法律有自己的严谨逻辑体系,醉酒者要承担的刑事责任可以用原因自由行为理论来解决。按照一位与会专家的说法,“醉酒者辨认能力和控制能力的丧失,是由于其自身的故意或过失造成的,应当由其自身来承担责任”。那么在这种理论下,对于酒后犯罪中主观方面的判断,“不能单纯根据喝酒是故意还是过失来认定”,主要还是根据“对具体危害后果发生的主观来判断”。具体说,有四种情形:一是行为人故意喝酒后故意犯罪,也就是借酒壮胆,那么可以认定行为人的主观方面是故意。二是行为人过失喝酒后故意犯罪,比如酒后强奸,那么也可认定行为人是故意。三是行为人过失喝酒后过失犯罪,那么应该认定为过失。四是行为人故意喝酒,但酒后处于无责任能力状态,实施了过失的危害社会的行为,那么还是应该认定行为人为过失犯罪,而不能根据行为人故意喝酒了,就是故意犯罪。

具体到黎景全案,显然也存在意见分歧。
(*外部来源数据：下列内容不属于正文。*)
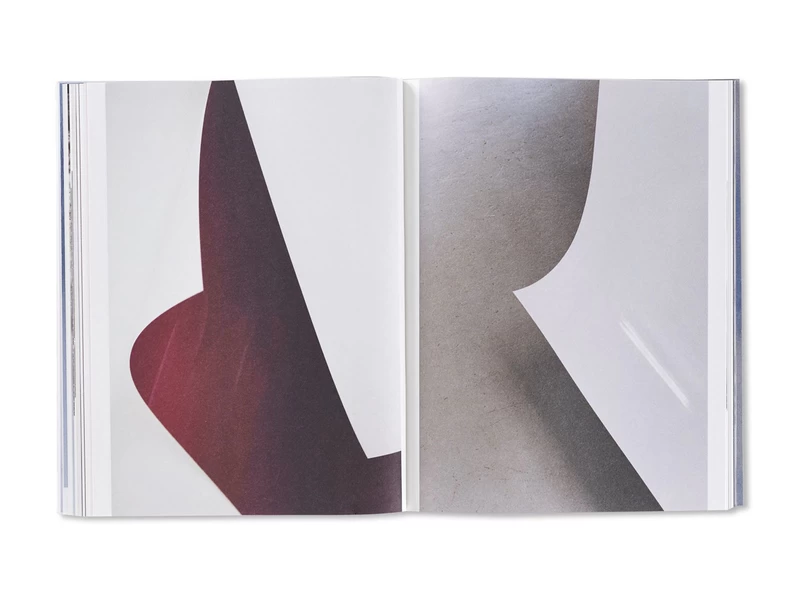 WOLFGANG TILLMANS - ヴォルフガング・ティルマンス | shashasha 写々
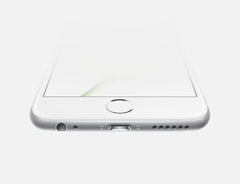 Buy Apple iPhone 6 128GB (Silver) from Vmart in Pakistan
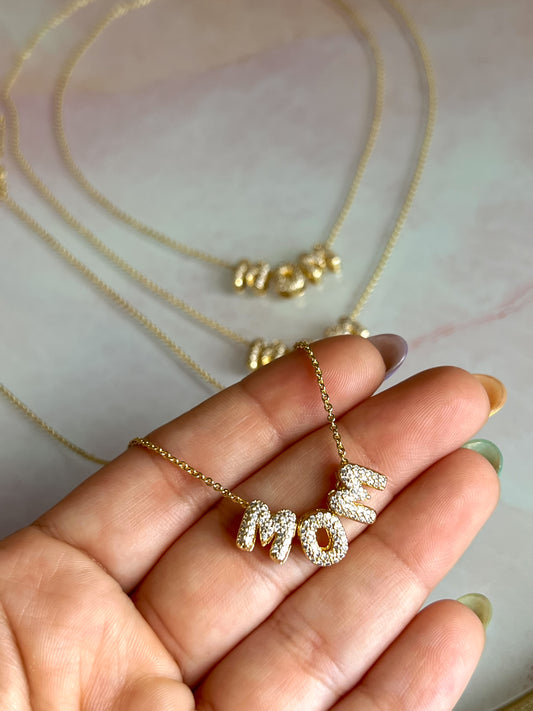 Mamita Chain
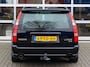 Volvo V70 2.4 R AWD
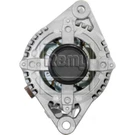 Alternator-gas Remy 12722 Reman. Fixed Price $301.77.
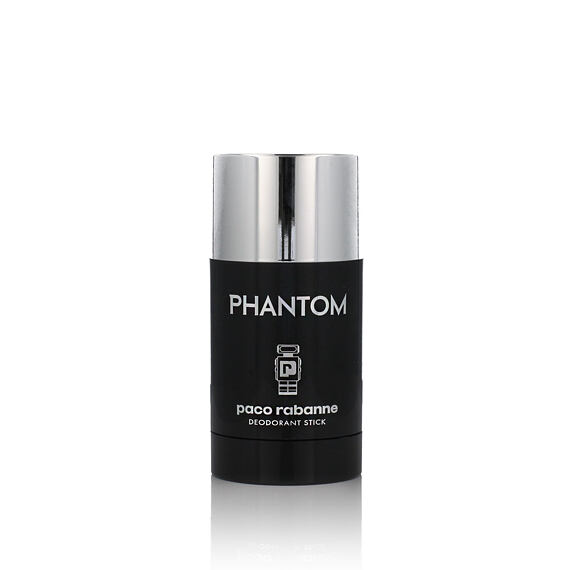 Paco Rabanne Phantom Perfumed Deostick 75 ml (man)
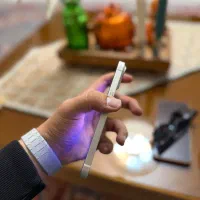 اپل ایفون ۱۴|موبایل|همدان, |دیوار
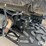 2017-john-deere-gator-image-11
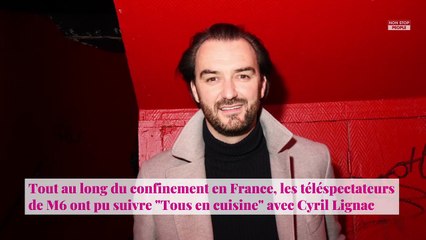 Tous en cuisine : Lola Marois mise en garde sur son comportement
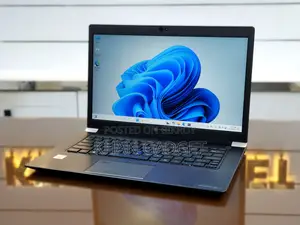Laptop Toshiba X40 16GB Intel Core I7 SSD 256GB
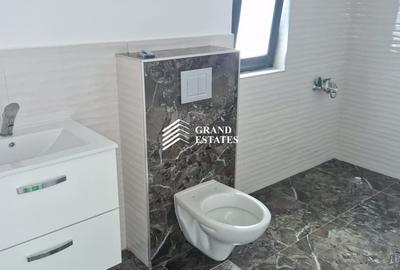 Casa individuala P+1 | Berceni | 425mp teren | Persoana fizica - 15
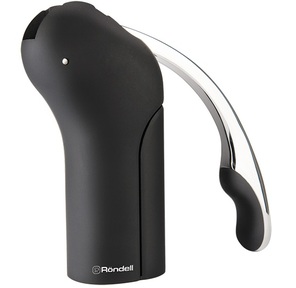 Штопор Rondel Sommelier RD-428
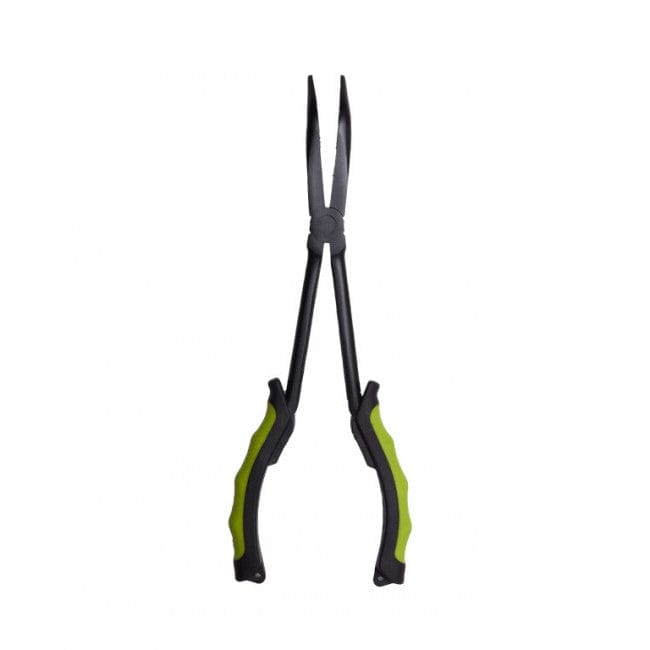 Madcat Unhooking Pliers 28cm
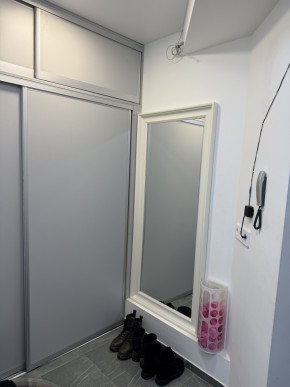 ул. Академика Курчатова,16/4 в Верхней Салде - verhnyaya-salda.yutvil.ru - фото 5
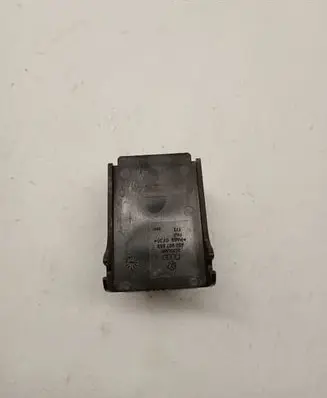 Bentley Continental Air quality sensor 4B0907659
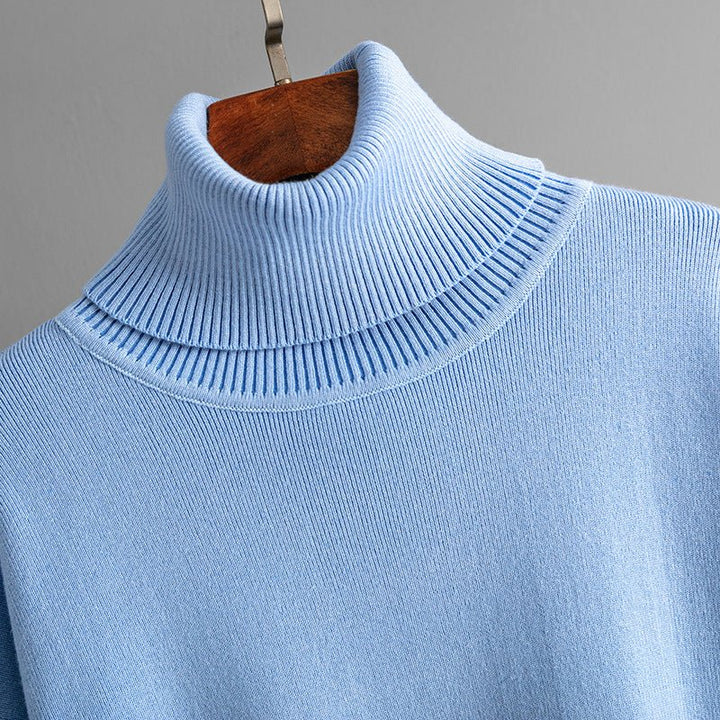 Aurora Knit Set - Boncini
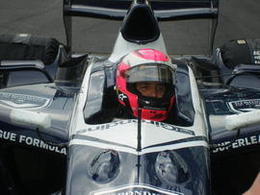 (Echos des paddocks #42) Bordeaux se teste, 24 Heures de Dubaï 2011, retour sur les 1000 km de Spa
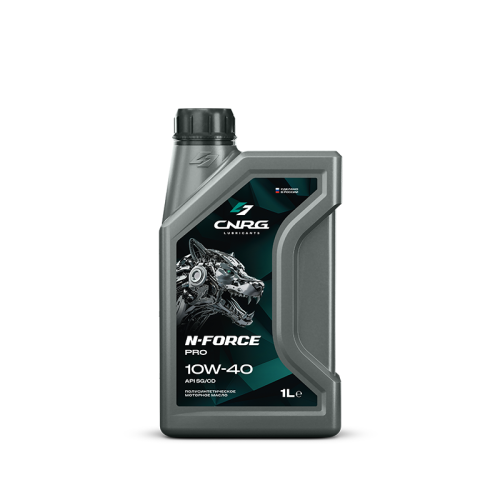 c70f1250-dc83-11ef-9b94-d2b50563a452 1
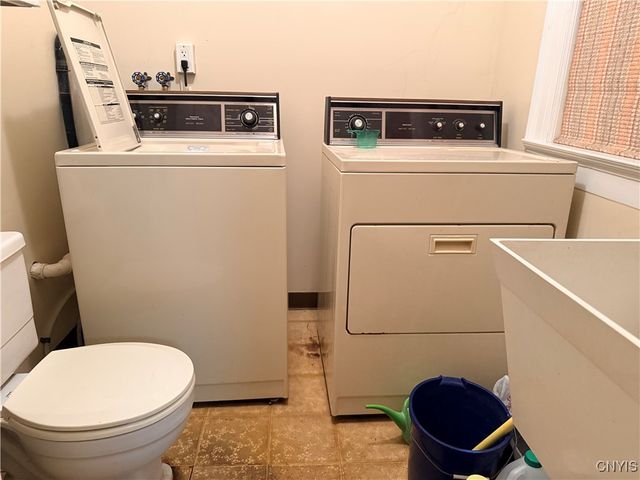 7 Reynolds Avenue, Cortland, NY 13045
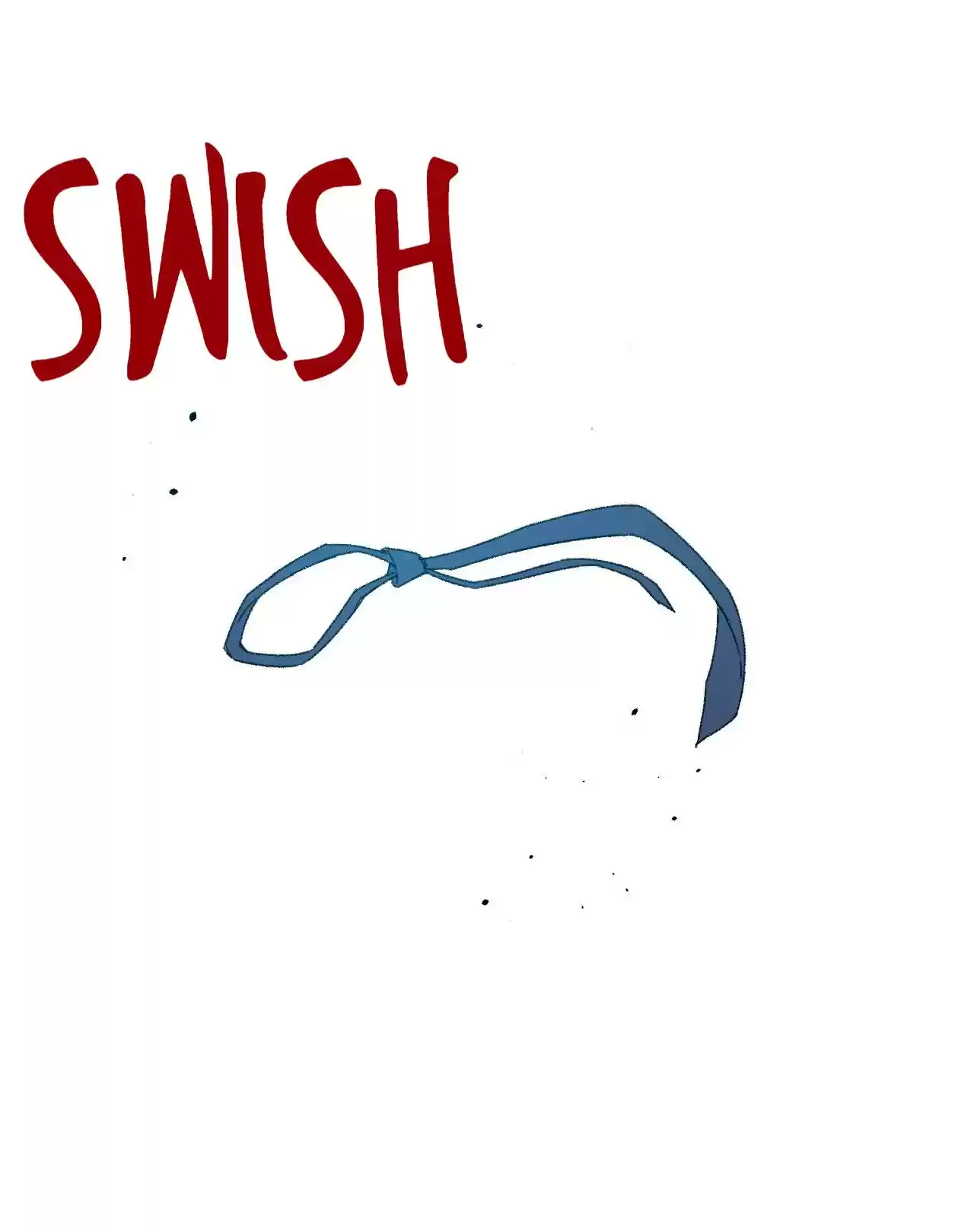 Lord Of Catastrophe Chapter 109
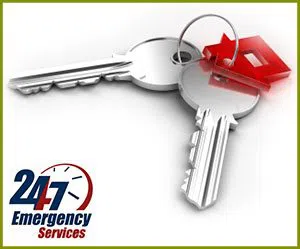Ambler PA Locksmith Store Ambler, PA 215-316-5923 - 15-24-7-locksmith-key-service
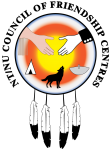 NT/NU Council of Friendship Centres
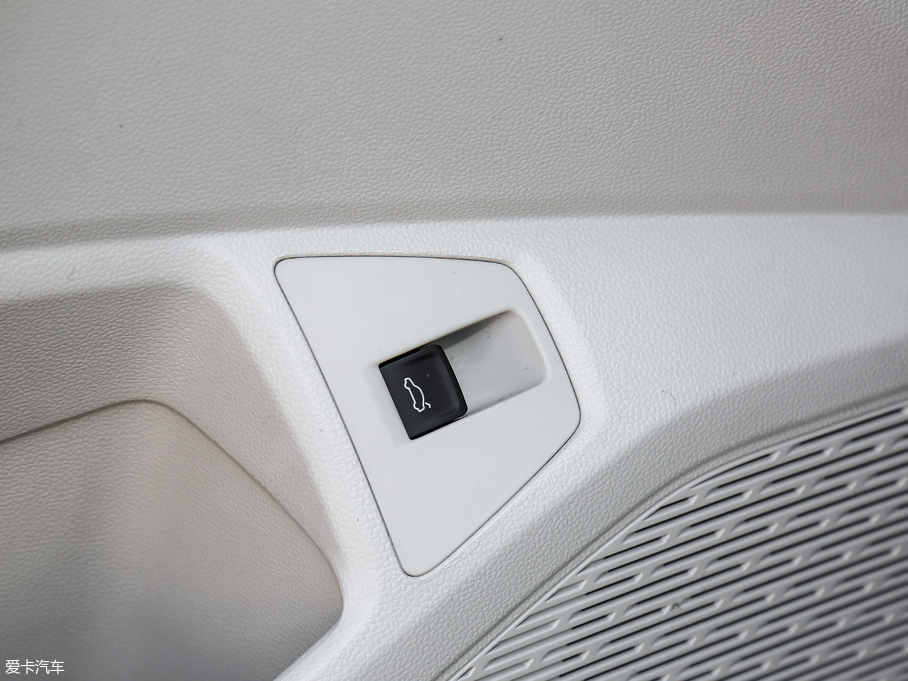 2019v 280TSI DSGŞ V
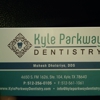 Kyle Parkway Dentistry gallery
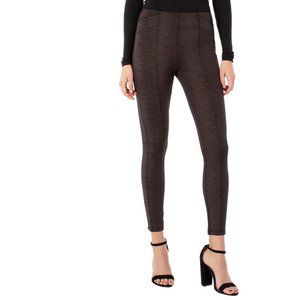 Stitch Fix Liverpool Reese Skinny Copper Pants NWT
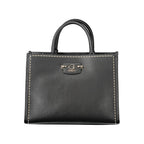 Borsa Ribbon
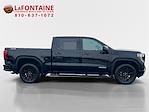 2022 GMC Sierra 1500 Crew Cab 4x4, Pickup for sale #5W0023N - photo 8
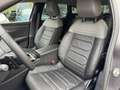 Citroen C5 X Plus 130PT EAT8 - SHZ/LED/HUD/ACC/NAVI/KAMERA/PDC Gris - thumbnail 9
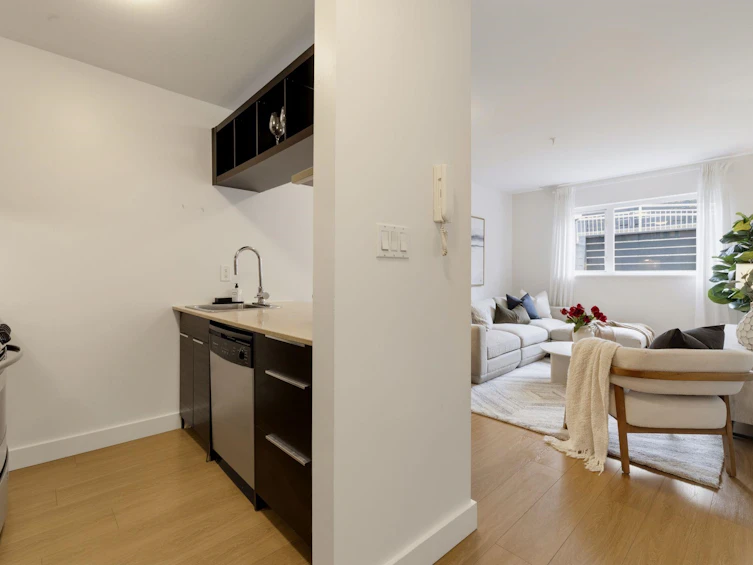 106-33 N Templeton Drive, Vancouver, BC, V5L 3C9 - 13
一种意见认为,黎景全第一次撞倒李洁霞母子的行为已经构成交通肇事罪,接下来,当他的车被卡住的时候,村民们上前劝阻,车窗是打开的,这也说明他不是在一个封闭的环境中。而他调头和加大油门继续行驶的行为,也说明他对外界事物是有认识的,知道被围的处境,并试图离开现场。从受害人李洁霞主要是被车右后侧碾压的情况看,黎景全当时处于调头转弯的过程中,这也说明他对于第一次撞倒李洁霞的位置是有认知的,并试图绕开这个位置。综合这些,可以推定黎景全对自己的行为仍旧具备一定的辨认和控制能力,对可能发生致人死亡的后果持放任心态,属间接故意的范畴。如果不是村民躲避及时,除了2死1伤,他的行为还可能造成更为严重的后果。所以,黎景全驾车冲撞人群的行为,已经危害了不特定多数人的安全,构成了以危险方法危害公共安全,而且后果特别严重。但对于判处死刑,还是认为量刑过重。

另一种意见则认为,黎景全犯的还是交通肇事罪。如果认定他第一次撞倒李洁霞母子的行为是交通肇事,那意味着他的主观方面就是过失。那么,在严重醉酒的状态下,怎么来理解后续行为中,黎景全的主观方面就从过失转变成了简洁故意呢?而且,并没有证据表明,黎景全有要逃逸的想法和行为,被害人是黎景全驾车再次碰撞碾压死亡的,不属于“行为人在交通肇事后为逃避法律追究而逃跑,致使受害人因得不到救助而死亡的情形”,所以也不属于交通肇事后因逃逸致人死亡,只能在7年以内量刑。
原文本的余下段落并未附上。